After winning the presidential runoff over Conservative candidate Keiko Fujimori, President Pedro Castillo Terrones has been accused by his Peru Libre political force of having broken party unity and applying neoliberal policies at odds with the group's leftist stance.
Therefore, Castillo should resign as a party member, they insisted from the Marxist-Leninist Perú Libre. ”The National Executive Council, the Perú Libre bench, and the Political Committee of the Perú Libre party (...) extend the invitation to his irrevocable resignation, considering his current investiture as constitutional president of the Republic, the political movement said through a statement published by party-founder Vladimir Cerrón.
Cerrón was unable to run for president due to criminal cases filed against him. Still, as Secretary-General of the political association, he accused Castillo of fomenting division within the organization. Our party will continue fighting for the conquest of its legitimate aspirations, which undoubtedly are non-negotiable and unwavering to achieve a democratic, decentralist, inclusive, internationalist, humanist, and fully sovereign country.”
Castillo has refrained from commenting on the request, which could further weaken his position in a context in which opposition forces are constantly working with the explicit goal of removing him from office or forcing his resignation.
If the 16 lawmakers who still respond to PL out of the original 37 join any future motion to vacate, Castillo will lose the Congressional support he has had so far and thanks to which he has already survived 2 impeachment attempts in less than a year in office.
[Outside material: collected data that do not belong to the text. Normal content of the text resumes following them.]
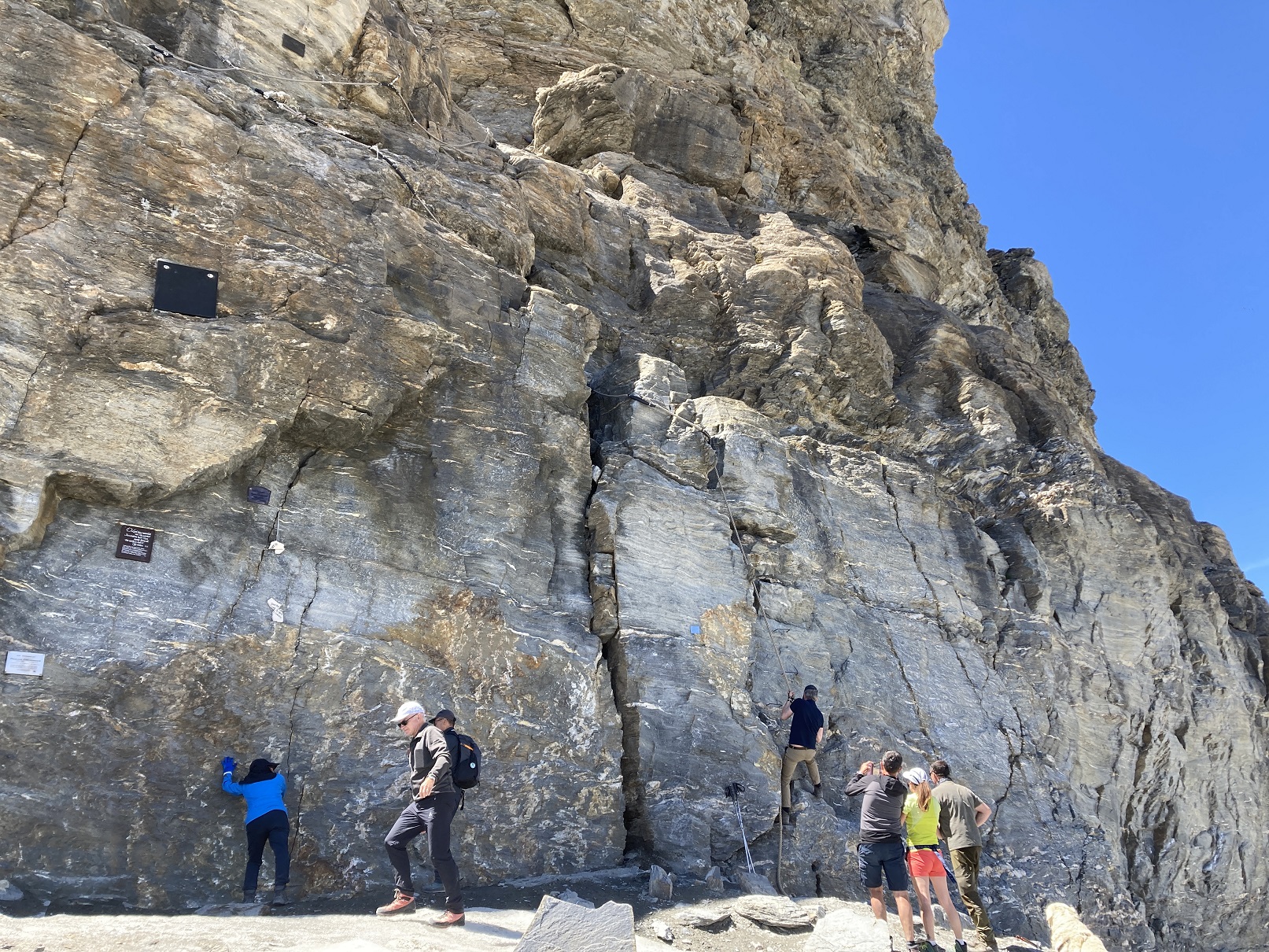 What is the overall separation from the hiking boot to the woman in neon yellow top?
471cm

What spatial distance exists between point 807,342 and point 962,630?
6.23m

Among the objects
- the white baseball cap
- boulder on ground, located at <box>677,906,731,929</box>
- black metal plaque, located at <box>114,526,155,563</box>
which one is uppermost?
black metal plaque, located at <box>114,526,155,563</box>

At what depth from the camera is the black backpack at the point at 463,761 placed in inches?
298

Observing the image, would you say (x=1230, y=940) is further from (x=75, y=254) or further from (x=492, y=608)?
(x=75, y=254)

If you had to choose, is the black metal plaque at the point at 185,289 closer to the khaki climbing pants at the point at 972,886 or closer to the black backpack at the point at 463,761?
the black backpack at the point at 463,761

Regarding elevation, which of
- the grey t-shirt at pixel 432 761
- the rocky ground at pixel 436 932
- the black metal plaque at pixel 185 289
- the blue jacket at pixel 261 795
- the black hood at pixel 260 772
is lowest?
the rocky ground at pixel 436 932

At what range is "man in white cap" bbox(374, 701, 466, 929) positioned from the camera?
743cm

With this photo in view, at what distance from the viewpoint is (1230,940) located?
15.5m

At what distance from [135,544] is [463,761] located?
4271 mm

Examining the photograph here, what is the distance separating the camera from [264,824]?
812cm

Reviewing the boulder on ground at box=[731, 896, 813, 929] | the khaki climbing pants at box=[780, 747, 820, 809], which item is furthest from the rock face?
the boulder on ground at box=[731, 896, 813, 929]

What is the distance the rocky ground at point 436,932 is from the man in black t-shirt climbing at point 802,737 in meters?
1.62

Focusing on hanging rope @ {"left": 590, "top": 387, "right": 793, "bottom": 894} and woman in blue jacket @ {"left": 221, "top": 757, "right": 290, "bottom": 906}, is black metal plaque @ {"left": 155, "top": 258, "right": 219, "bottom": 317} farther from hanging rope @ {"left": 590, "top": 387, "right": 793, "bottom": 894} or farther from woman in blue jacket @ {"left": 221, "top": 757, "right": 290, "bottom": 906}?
hanging rope @ {"left": 590, "top": 387, "right": 793, "bottom": 894}

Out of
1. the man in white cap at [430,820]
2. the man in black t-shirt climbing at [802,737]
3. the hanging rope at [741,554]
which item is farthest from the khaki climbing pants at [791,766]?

Founded in 2008 by Cerrón in the Andean department of Junín, Perú Libre was born as a force of regional scope only. Hence, its coming to power was a surprise after an onslaught by Castillo in the first round, which made it the alternative against the resisted right-wing Fujimori.
However, tensions soon erupted between those who remained loyal to Cerron and a president who sought to handle matters his own way.
Cerrón, a 51-year-old physician trained professionally and ideologically in Cuba, has been convicted for acts of corruption during his time as governor of Junín (2011-2014), which banned him from running for office, which is why he chose Castillo, a rural teacher who four years earlier had grabbed headlines as the leader of a teachers' strike that marked milestones for its harshness and duration (four months).
In January 2022, the Party expelled from its ranks the country's vice-president, Dina Boluarte, for indiscipline following statements in which she dissociated herself from the party's ideology.
Three months later, Cerrón -one of the most critical voices against Castillo- presented a constitutional reform to bring forward the presidential and parliamentary elections to the end of March 2023, an initiative that caused differences among its different members.